**TASK BRIEF**. From the first line to the last, restate the material word for word, omitting pictures.

**DATA SECTION**.
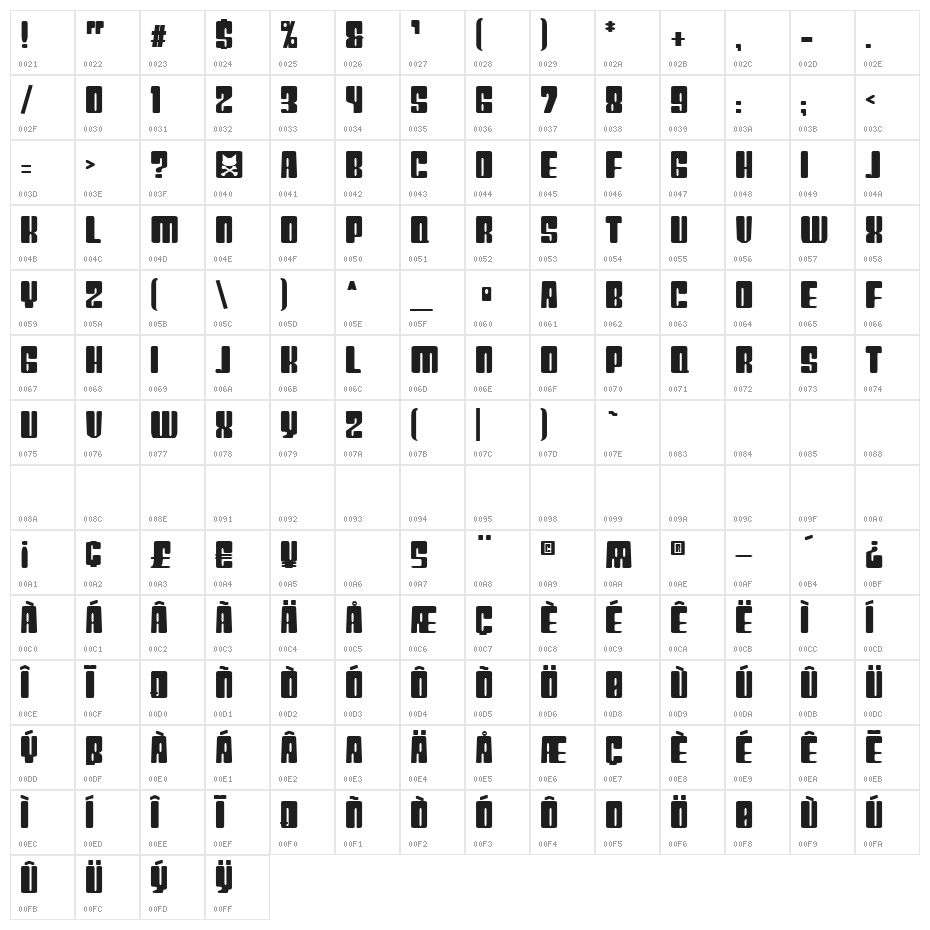 Plastic No.29 Character Map
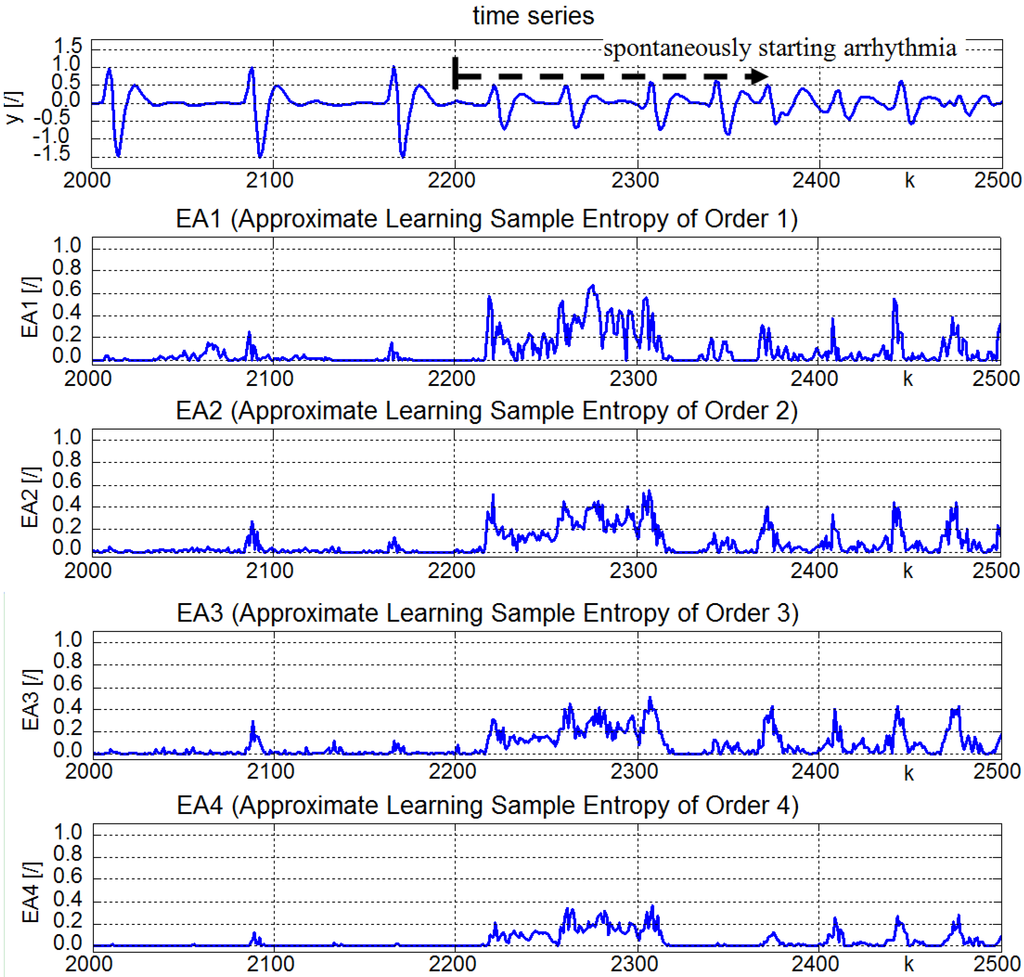 Entropy 15 04159 g013 1024
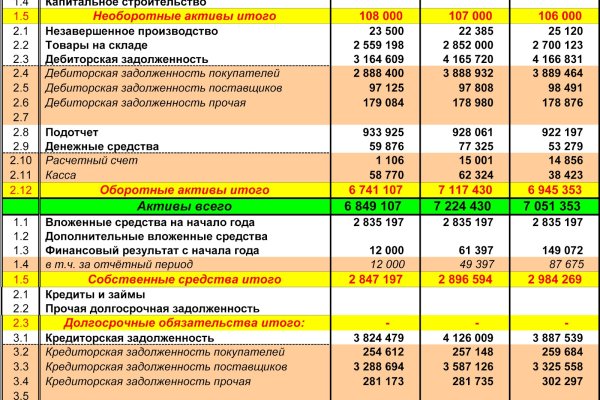 Кракен лег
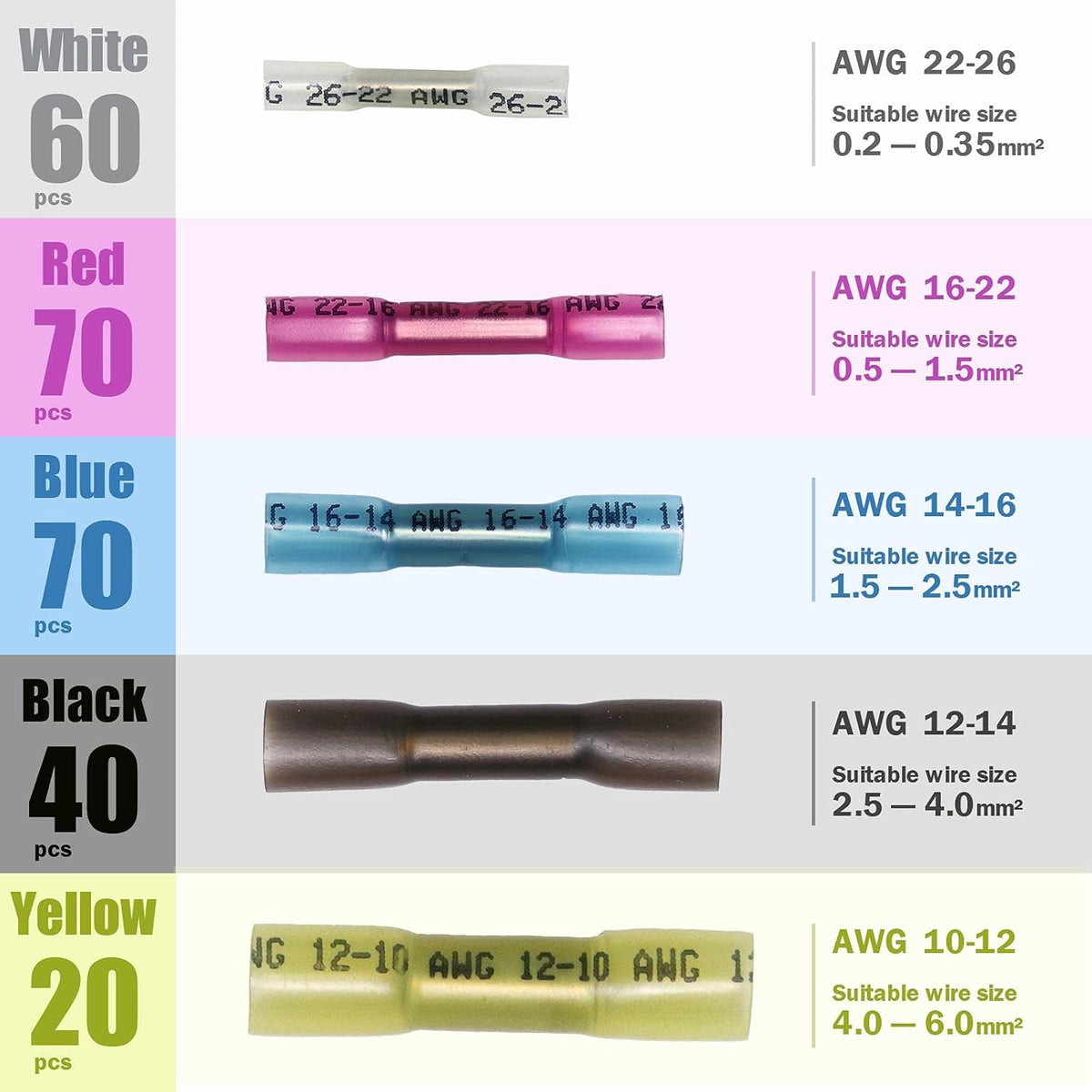 260pcs 10-26AWG Heat Shrink Butt Connectors Kit Y85229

**ANSWER FOR THE TASK**.
 Plastic No.29 Character Map
 Entropy 15 04159 g013 1024
 Кракен лег
 260pcs 10-26AWG Heat Shrink Butt Connectors Kit Y85229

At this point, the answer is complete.